Monday, January 17, 2011

Dr. King's Dream: We're Still Working On It

Dr. King with his family
There are those that would think that the fight against racism is won. There are those that would believe that racism is on the decline at least, they are still wrong. I won't deny that huge strides have been made with regards to racism, however racism is still alive and kicking in the heart of America. How do I know? Because my students deal with it every day of their lives.

The most glaring example is the fact that I still have white students who refer to black students using that infamous slur, which shall not be typed from my computer. These students are parroting back the ignorance they hear at home and continuing to foster ill will between races.

But racism is more than that. Racism is not just someone from one race disliking someone from another race. Racism is an institution. Racism is an oppressive force that makes it difficult for people to succeed. Racism is embedded in our own society and heritage.

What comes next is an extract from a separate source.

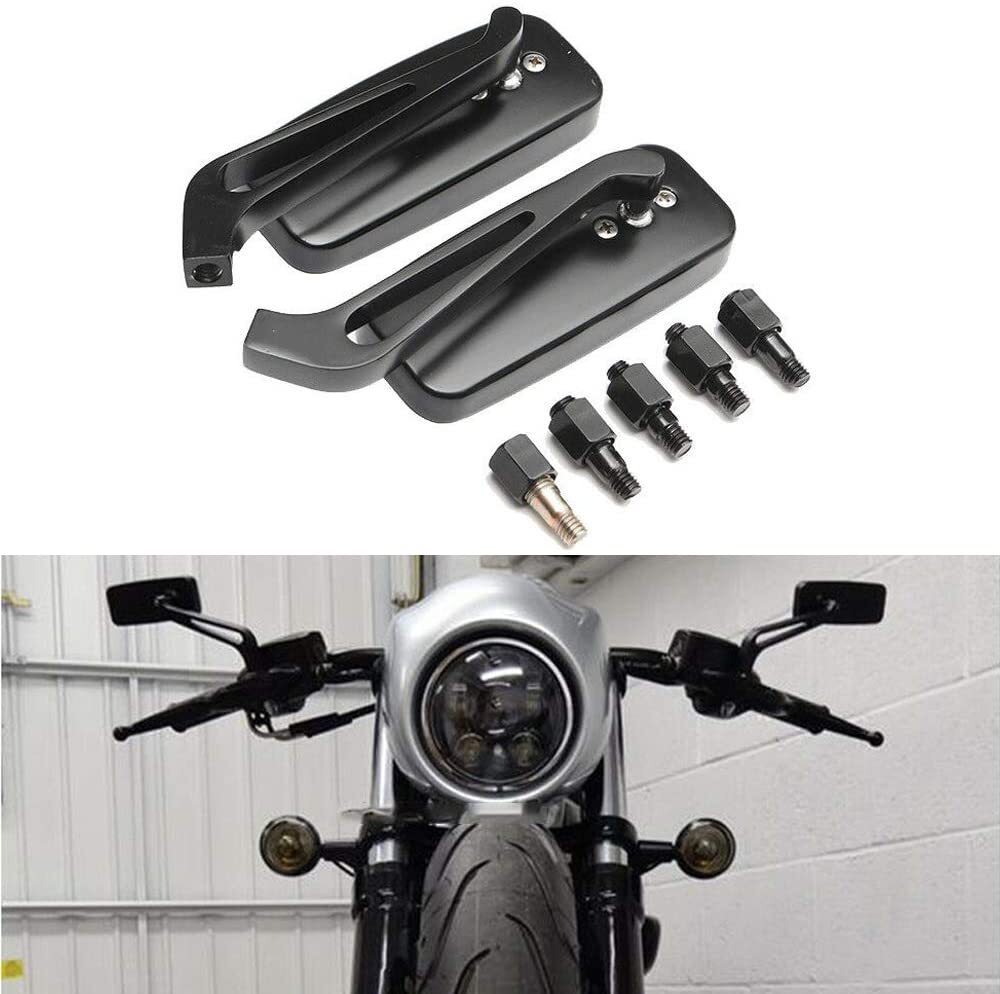 For Kawasaki Vulcan VN 500 750 800 900 1500 Black Rectangle Motorcycle Mirrors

Whether you think you are racist or not, if you are white, odds are you've benefited from racism in some way, even if you weren't aware of it.

This is called institutional racism and it's one of the reasons programs like Minority Teacher Recruitment Program and United Negro College Fund exist, to attempt to counteract the inherent advantage some white males have over other groups. To understand this, you have to go back several generations. This is not a new development and it's certainly not something that can be changed within a few years, or even a few decades. It begins all the way back when black people were denied basic rights based solely on the color of their skin. Their families were forcibly separated, they were discouraged from reading and received little to no education. Yes, I went all the way back to the slave days, because that's where it starts.

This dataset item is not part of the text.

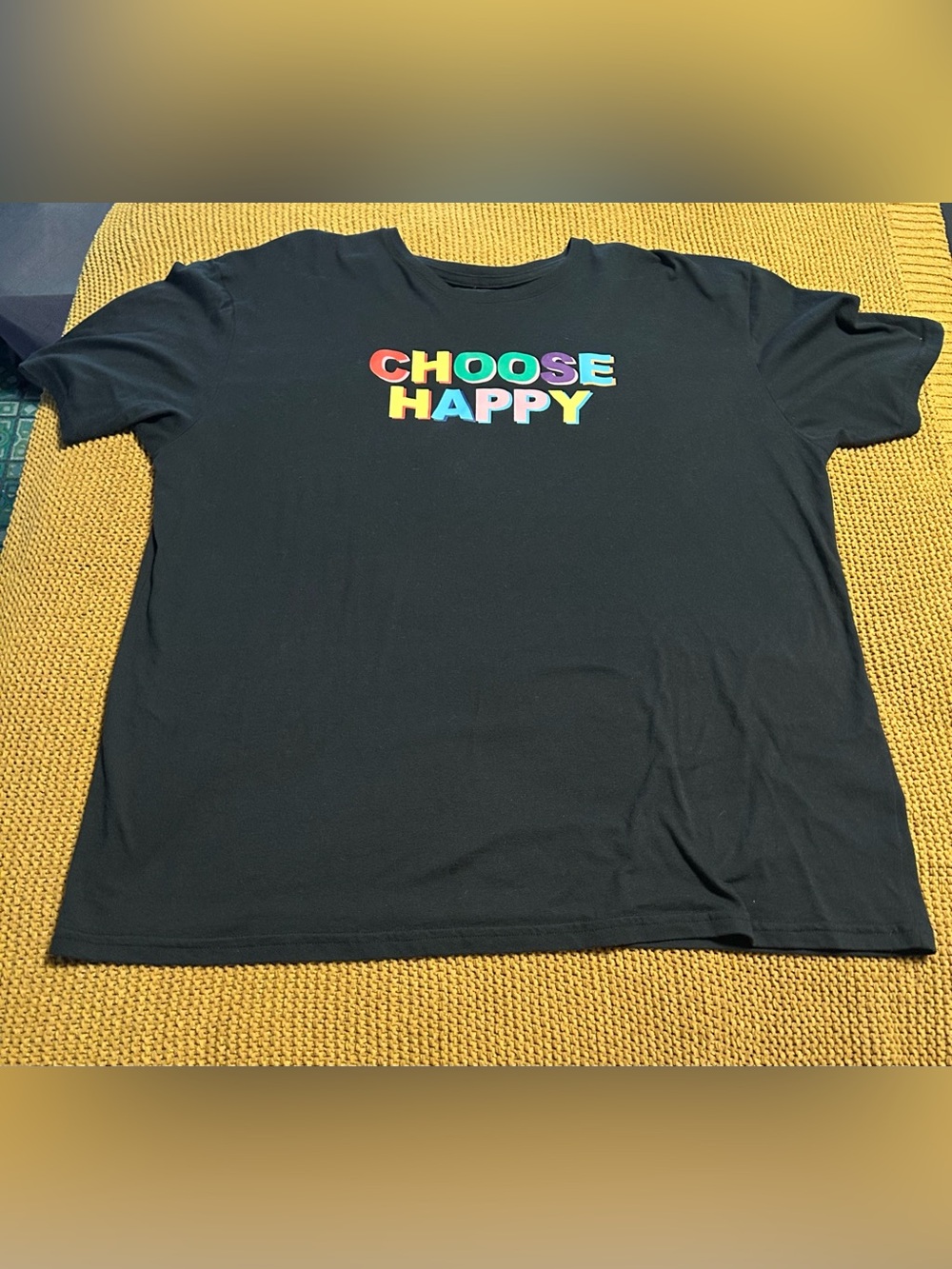 The Phluid Project Black Tee with Rainbow "CHOOSE HAPPY" Graphic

Who did you learn to read from? Your mother or father probably taught you the basics of reading. Imagine if they couldn't read. Who would have taught you then? Well, you probably wouldn't have learned until you were in school, right? What if your school was separate (but "equal") and received very little funding. What if everyone around you never finished school? What if finishing school was seen as joining the "bad" people? How excited are you to learn to read? How excited are you to finish school in general?

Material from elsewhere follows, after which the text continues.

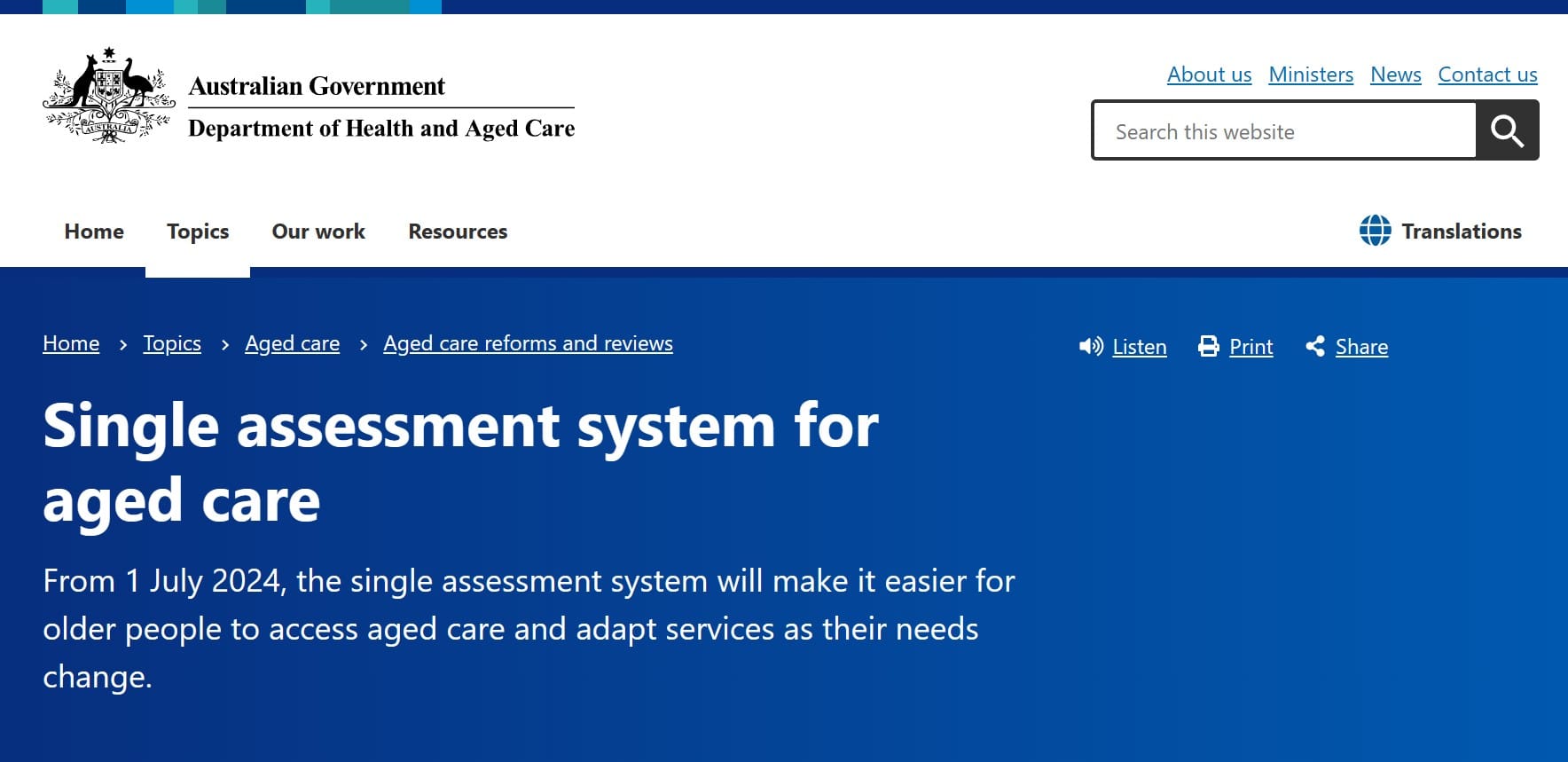 Fed Govt to release tender for new single assessment process in January 2024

Now desegregation comes along. Now you get to be bussed to a school where the other kids hate you and do things to actively make you not want to be at school. How much do you like school right now? Your relatives begin to get defensive of the fact that they didn't receive an education, because hey, I'd get defensive, too! They say you don't need any education and you're just trying to "be white". Why would you ever want to do well in school?

It's time for you to buy a house, but oh, you can't buy a house there. Are you ever going to want to live there again? They turned you down because of the color you were born. College? Nope, you didn't do well in school, remember. You're stuck working a job with little benefits and now you have your own children. They don't want to go to school. You don't blame them, you didn't either. It sucked. The cycle continues for generations until the present.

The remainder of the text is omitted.